A beer snake, or cup snake, is the stacking of numerous plastic beer cups to form a "snake."  Beer snakes are most commonly found at sporting events that are played out over many hours, such as cricket. Some snakes have been reported in the media as being up to 175 m long. They are typically formed during breaks in play or when the outcome of the match is all but certain; for example, when the fourth Test of the Pakistani cricket team in England in 2006 tour at The Oval was halted after ball-tampering allegations, a large beer snake was constructed in the OCS stand.

Materials

A beer snake is made with a large number of empty plastic beer cups, usually those issued by the bars on site at the stadium.  Many sports stadiums do not allow glass containers for safety reasons, and use plastic cups for serving beer.
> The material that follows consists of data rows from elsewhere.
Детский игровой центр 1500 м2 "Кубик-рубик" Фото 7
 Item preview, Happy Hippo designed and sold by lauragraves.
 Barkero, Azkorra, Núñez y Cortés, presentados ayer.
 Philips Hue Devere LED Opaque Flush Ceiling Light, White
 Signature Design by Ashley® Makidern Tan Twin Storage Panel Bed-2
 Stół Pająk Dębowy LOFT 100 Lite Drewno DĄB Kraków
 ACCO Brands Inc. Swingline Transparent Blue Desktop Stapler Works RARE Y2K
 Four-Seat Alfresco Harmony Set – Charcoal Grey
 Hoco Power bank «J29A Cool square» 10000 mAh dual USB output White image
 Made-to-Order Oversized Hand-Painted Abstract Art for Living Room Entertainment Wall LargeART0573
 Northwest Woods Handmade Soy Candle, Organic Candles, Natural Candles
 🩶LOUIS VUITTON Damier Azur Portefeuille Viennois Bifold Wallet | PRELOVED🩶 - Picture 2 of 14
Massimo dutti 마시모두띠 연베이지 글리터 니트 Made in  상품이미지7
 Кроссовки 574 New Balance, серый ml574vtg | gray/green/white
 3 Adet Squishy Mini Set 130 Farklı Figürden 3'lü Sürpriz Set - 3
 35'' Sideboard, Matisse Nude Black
These plastic cups, once empty, provide the flexible building blocks for constructing the beer snake when inserted into each other.

Origins
An early version of beer snake was recorded on June 24, 1969, at Wrigley Field, Chicago, Illinois, as documented in the Chicago Sun-Times edition published the next day. This predates, by nearly three decades, the genuinely documented early beer snake in January 1997 at the WACA Ground in Perth, Australia. A newspaper article in the Sydney Morning Herald cited Michael Gray as "The Snake Charmer" and architect of the social phenomenon.

Procedure

As such a large number of cups are needed, gathering normally occurs in large groups of people. The cups are simply stacked within each other until they form a tube or 'snake'. Once the snake has reached a substantial length, it is held skyward to 'dance' as if being charmed. Snake length is often restricted by the width of the bay of seats, as anything longer will protrude into the aisle. One solution to this is to team up with other groups and link your snakes together. The biggest challenge is to keep the snake in one continuous piece, without it collapsing (as shown in image).

Security staff at many sporting venues normally deter such behaviour, and they will often attempt to confiscate the empty cups from people attempting to build a beer snake. This is in part due to the potential dangers of such structures in crowded places, and also because the component cups are often not completely empty and will therefore spill beer on to spectators.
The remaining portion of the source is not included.